In this post I'll show you how to simulate a large dataset of mortality claims. Sometimes it's useful to use simulated data. For example, if you wanted to experiment with new modelling techniques but were unable to find a useful dataset, it may be easiest just to create your own. Alternatively, you may simply wish to supplement existing data with simulated data. If you have some assumptions about the variables you want to create, it's possible to create entire datasets from scratch.

Example

Imagine that you wanted to experiment with fitting different predictive models to life insurance claims data (perhaps to practice your coding skills or to explore an idea) but didn't have all the data required. Rather than spend time searching for or collecting large volumes of data appropriate for your specific problem, you could simply (and quickly) create a simulated dataset.

I will show you how to create a dataset representing a portfolio of lives with lump sum life insurance cover, but the following techniques can be used to create all sorts of data. We will end up with a large dataset where each row will represent one life and the columns will contain information about that persons age, salary, occupation, gender, location and, finally, whether or not that person died during a specific period.

In order to do this we will need to come up with some assumptions about the variables we wish to create. The assumptions I will make will be very simple and are listed below.

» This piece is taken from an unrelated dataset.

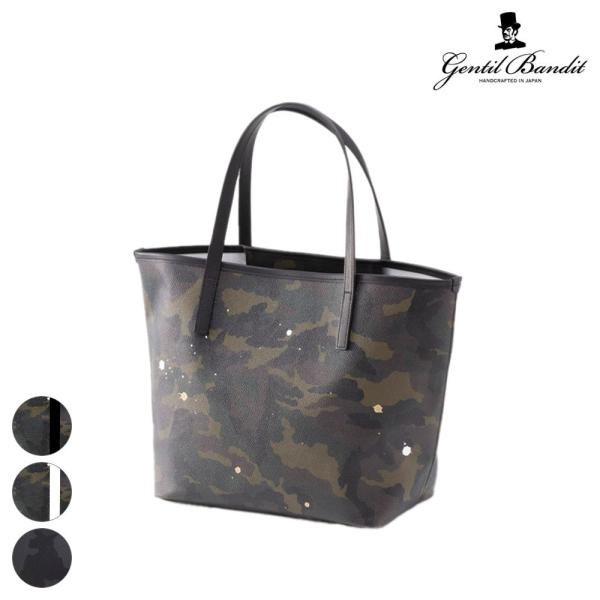 GENTIL BANDIT ジャンティバンティ トートバッグ BM GB1981-BM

Age: Normally distributed with mean age = 40 and variance = 25
Gender: 40% of the sample will be Male, 60% female
Occupation: 3 categories representing different occupations. 50% of the lives will be in category 1, 20% in category 2 and 30% in category 3
Location: 4 categories representing different areas of residence. 10% will be in category 1, 20% in category 2, 50% in category 3 and 20% in category 4
Salary: Gamma distributed. I will assume that salary varies by age and occupation
Exposure: This variable represents the length of time (in years) that each person was covered for. This will come from a uniform(0,3) distribution (i.e the maximum cover period is 3 years)
Claim: I will assume that the probability of death is a formula linked to age and occupation. The base level of mortality will be $\frac{Age}{20000}$. Mortality increases by 20% for those in occupation category 1 and by 15% for those living in locations 3 or 4

Creating the data in R

Setting Assumptions

I'll assume you have R Studio installed and some experience with basic R programming. If you have not used R before, I recommend visiting https://www.datacamp.com and taking the free intro to R course. We will be using the simstudy package. If you have not yet installed this package, run install.packages('simstudy') to do so.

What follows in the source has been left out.